Source material:
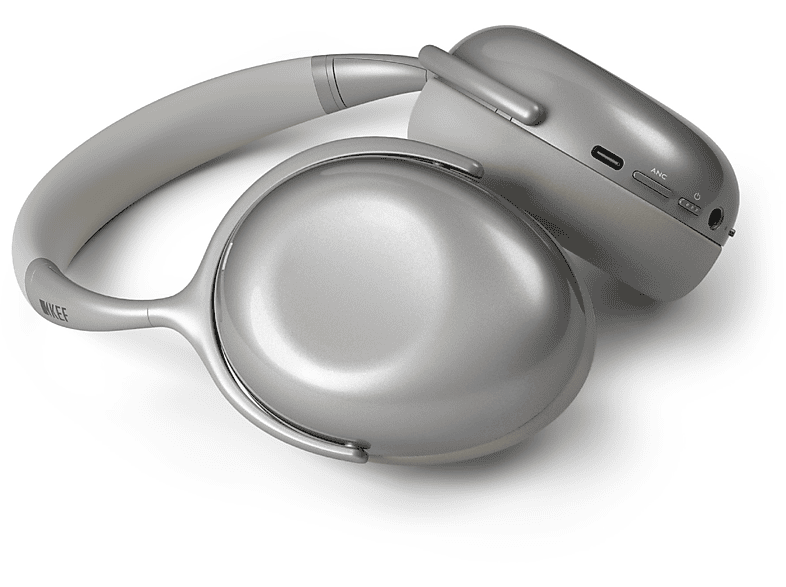 Auriculares inalámbricos - KEF Mu7, Bluetooth 5.1, Hasta 40hs de autonomía, Cancelación activa de ruido, Silver Grey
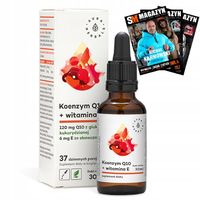 AURA HERBALS KOENZYM Q10 + WITAMINA E ANTYOKSYDANT SKÓRA MŁODY WYGLĄD 30 ml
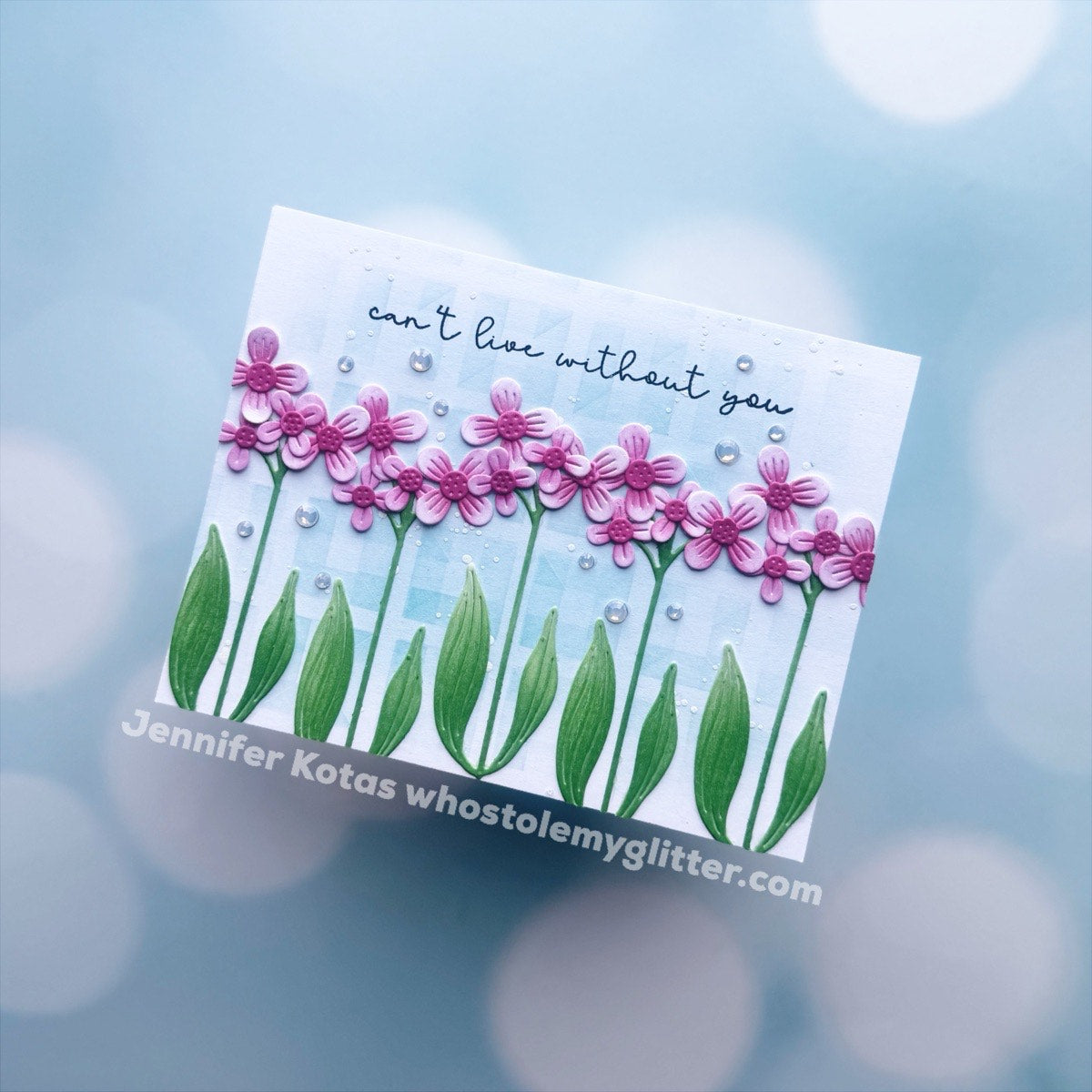 Simon Says Stamp Poised Primula Wafer Dies s992 You Are My Favorite Love You Card | color-code:ALT01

Activity:
Images should not appear in the copy; retype the listing above exactly.

Response to this exercise:
 Auriculares inalámbricos - KEF Mu7, Bluetooth 5.1, Hasta 40hs de autonomía, Cancelación activa de ruido, Silver Grey
 AURA HERBALS KOENZYM Q10 + WITAMINA E ANTYOKSYDANT SKÓRA MŁODY WYGLĄD 30 ml
 Simon Says Stamp Poised Primula Wafer Dies s992 You Are My Favorite Love You Card | color-code:ALT01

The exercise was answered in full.